This Week in History: The pioneering work of journalist Jacob Riis
- ANTONE PIERUCCI
- Posted On
Some images just stick with you; they periodically appear in your mind’s eye and, like a tune you can’t get out of your head, pester you with their persistence.
Perversely, the sadder the subject matter of the image, the more staying power it seems to have.
How many of you who were alive then still recall the images of Jackie Kennedy in Dallas, captured just moments after her husband’s assassination?
Or the images taken on Sept. 11, 2001, of people covered in the same pasty white ash of the twin towers?
Moments like these, captured for posterity by the technology of photography, all contain one key element: pathos.
Stripped down to its mechanical parts, pathos is just a communication technique that appeals to the emotions of an audience. It’s a Greek word, which translates to “suffering” or “emotion” or, most telling of all, to “experience.”

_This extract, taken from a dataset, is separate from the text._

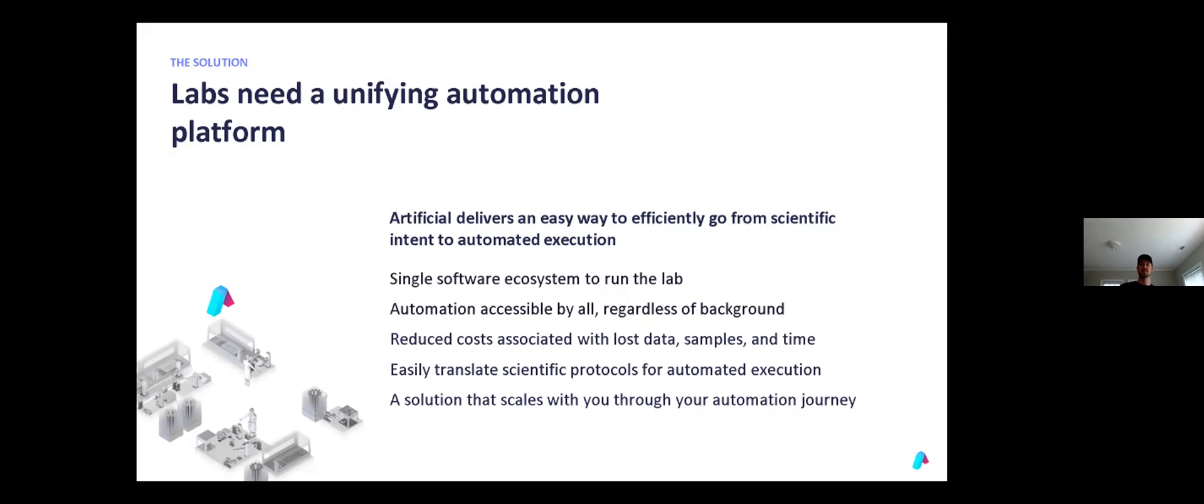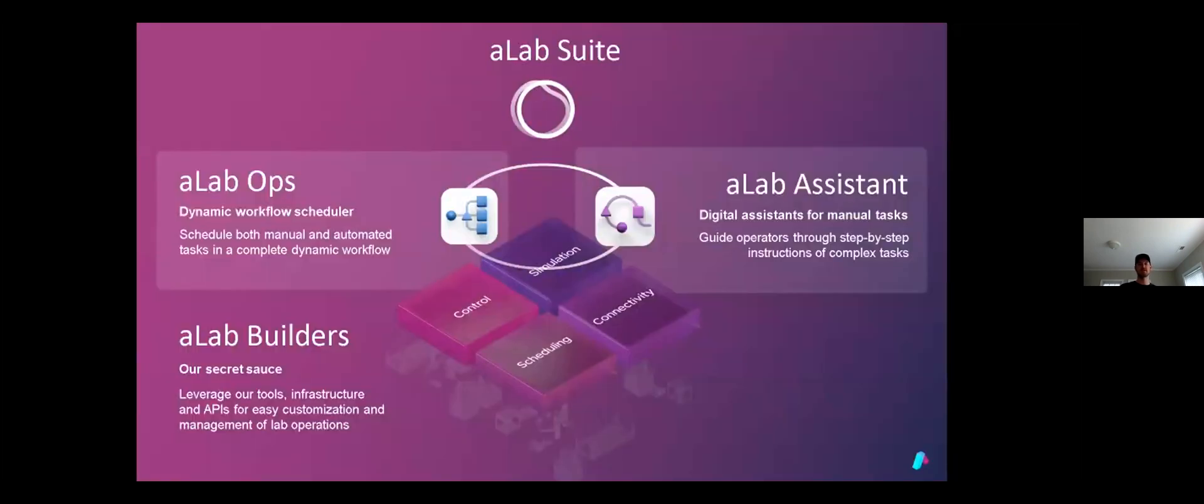To go a bit deeper into how we accomplish this, I'll walk through the steps from a request to process results. In A-Lab Ops, we aggregate all of the process requests, either through connectivity to a LIMS or by having users directly enter a request in A-Lab, and display them such that they can be filtered by process, sample type, or other metadata.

You see, for an appeal to someone’s emotions to be truly effective, it has to reach an individual and elicit feelings that are already buried deep within him. Without empathy, pathos is completely ineffectual.

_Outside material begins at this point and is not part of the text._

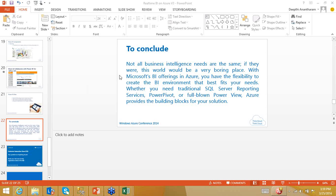Question: is write-back functionality available for Power BI? No, write-back is not available for Power BI yet. You could write-back only into an MOLAP cube. Those were all the questions we received today during the session. Thank you very much.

We remember the blood-spattered Jackie Kennedy because we, too, fear death and – however distantly – can imagine ourselves in a similar situation.
Those dust-caked businessmen and women, the dazed ghosts who stalk the thousands of photographs taken on 9/11, are so maddeningly haunting exactly because they look like we collectively felt that day in America: dazed and afraid, our entire world-view buried in that heap of twisted metal and concrete.
Newspapers and magazines publish these types of images – it’s their stock and trade, and has been so for decades.
Since 1942, Pulitzer Prizes for photography have been awarded to photographers who were able to capture moments in time – moments that embody quintessential elements of the human condition.
You probably already know some of them. The famous photo of the killing of Lee Oswald in 1964; the photo of a starving Ethiopian child, curled on the muddy ground, near death with a vulture perched feet away.
Photographs like these have an important history, one that many individuals contributed to in his/her own way. After all, the first photographer didn’t just start snapping world-class images. An industry has to crawl before it walks, let alone sprints headlong.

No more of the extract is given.